On transient elastography, liver stiffness measurement (LSM) and controlled attenuation parameter (CAP) were higher in NAFLD subjects than in non-NAFLD subjects in all age groups. LSM did not change with age in NAFLD and non-NAFLD subjects. CAP decreased with age in NAFLD subjects.

Comparison of skeletal muscle-related characteristics of study subjects

Grip strength did not differ between NAFLD and non-NAFLD subjects in all age groups, and grip strength decreased with age in non-NAFLD subjects (Fig. 1). Knee extension strength was lower in NAFLD subjects than in non-NAFLD subjects in the young-age and middle-age groups; knee extension strength decreased with age in non-NAFLD subjects.

Figure 2 shows representative ultrasound images of the rectus femoris muscles of NAFLD and non-NAFLD subjects. As shown in Fig. 1, subcutaneous fat was thicker in NAFLD subjects than in non-NAFLD subjects in all age groups, and the thickness of subcutaneous fat decreased with age in NAFLD subjects. Muscle thickness did not differ between NAFLD and non-NAFLD subjects in all age groups, and muscle thickness decreased with age in NAFLD and non-NAFLD subjects. Muscle echo intensity was higher in NAFLD subjects than in non-NAFLD subjects in the young-age and middle-age groups, and muscle echo intensity increased with age in NAFLD and non-NAFLD subjects. Muscle elasticity did not differ between NAFLD and non-NAFLD subjects in all age groups and also did not change with age.

Figure 2
figure 2

Representative ultrasound images of the rectus femoris muscle in a non-NAFLD female subject (a) and that in a NAFLD female subject (b). The NAFLD subject had greater subcutaneous fat thickness and higher echo intensity of the rectus femoris muscle on the images.
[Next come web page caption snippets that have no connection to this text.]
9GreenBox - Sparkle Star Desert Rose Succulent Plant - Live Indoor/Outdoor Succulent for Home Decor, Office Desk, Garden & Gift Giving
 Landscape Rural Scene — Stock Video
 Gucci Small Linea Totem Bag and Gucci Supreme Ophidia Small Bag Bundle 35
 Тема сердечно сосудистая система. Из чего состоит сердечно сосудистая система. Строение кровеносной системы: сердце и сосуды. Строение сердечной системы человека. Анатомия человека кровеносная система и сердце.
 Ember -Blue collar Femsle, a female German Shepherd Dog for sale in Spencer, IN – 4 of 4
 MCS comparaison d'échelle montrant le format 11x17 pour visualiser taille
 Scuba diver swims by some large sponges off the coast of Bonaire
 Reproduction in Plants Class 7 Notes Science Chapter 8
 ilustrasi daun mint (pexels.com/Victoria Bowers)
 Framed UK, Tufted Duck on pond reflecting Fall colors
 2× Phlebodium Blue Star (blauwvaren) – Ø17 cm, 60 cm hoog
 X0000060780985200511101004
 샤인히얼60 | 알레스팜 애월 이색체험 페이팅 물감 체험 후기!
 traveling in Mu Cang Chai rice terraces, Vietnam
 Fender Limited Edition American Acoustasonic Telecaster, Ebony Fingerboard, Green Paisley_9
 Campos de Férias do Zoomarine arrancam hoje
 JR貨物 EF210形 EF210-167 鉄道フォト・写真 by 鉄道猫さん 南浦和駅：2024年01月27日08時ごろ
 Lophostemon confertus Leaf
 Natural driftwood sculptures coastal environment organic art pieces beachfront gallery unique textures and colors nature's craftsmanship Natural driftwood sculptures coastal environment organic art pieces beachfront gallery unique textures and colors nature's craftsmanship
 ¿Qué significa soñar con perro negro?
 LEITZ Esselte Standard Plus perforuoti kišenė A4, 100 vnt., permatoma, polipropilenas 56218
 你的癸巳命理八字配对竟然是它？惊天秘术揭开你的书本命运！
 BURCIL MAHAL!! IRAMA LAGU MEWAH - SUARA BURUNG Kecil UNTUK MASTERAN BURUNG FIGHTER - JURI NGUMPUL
On proton magnetic resonance spectroscopy (1H-MRS) of skeletal muscle, intramyocellular lipid (IMCL) content was higher in NAFLD subjects than in non-NAFLD subjects in the young-age group; IMCL content did not change with age in NAFLD and non-NAFLD subjects. Extramyocellular lipid (EMCL) content was higher in NAFLD subjects than in non-NAFLD subjects in the young-age and middle-age groups; EMCL content did not change with age in NAFLD subjects but increased with age in non-NAFLD subjects.

Muscle echo intensity on ultrasound showed negative correlations with grip strength (r = −0.343; P < 0.001) and knee extension strength (r = −0.397; P < 0.001), whereas it showed positive correlations with IMCL (r = 0.285; P < 0.01) and EMCL (r = 0.565; P < 0.001) content; a particularly stronger correlation in relation to the other coefficients was observed between muscle echo intensity and EMCL content. Furthermore, a positive correlation was observed between NFS, a predictor of liver fibrosis (r = 0.513; P < 0.001) and FIB-4 index (r = 0.500, P < 0.001).

Comparison of insulin resistance status and dyslipidemia of study subjects

Fasting plasma glucose (FPG) levels, fasting insulin levels, and homeostasis model assessment-insulin resistance (HOMA-IR) were higher in NAFLD subjects than in non-NAFLD subjects in the young-age and middle-age groups. FPG levels increased with age in NAFLD and non-NAFLD subjects (Table 2).

In terms of serum lipids, low-density lipoprotein cholesterol (LDL-C) levels were higher in NAFLD subjects than in non-NAFLD subjects in the young-age and middle-age groups. Triglyceride (TG) levels were higher in NAFLD subjects than in non-NAFLD subjects in all age groups. Contrastingly, high-density lipoprotein cholesterol (HDL-C) levels were lower in NAFLD subjects than in non-NAFLD subjects in all age groups. LDL-C, TG, and HDL-C levels did not change with age in NAFLD and non-NAFLD subjects.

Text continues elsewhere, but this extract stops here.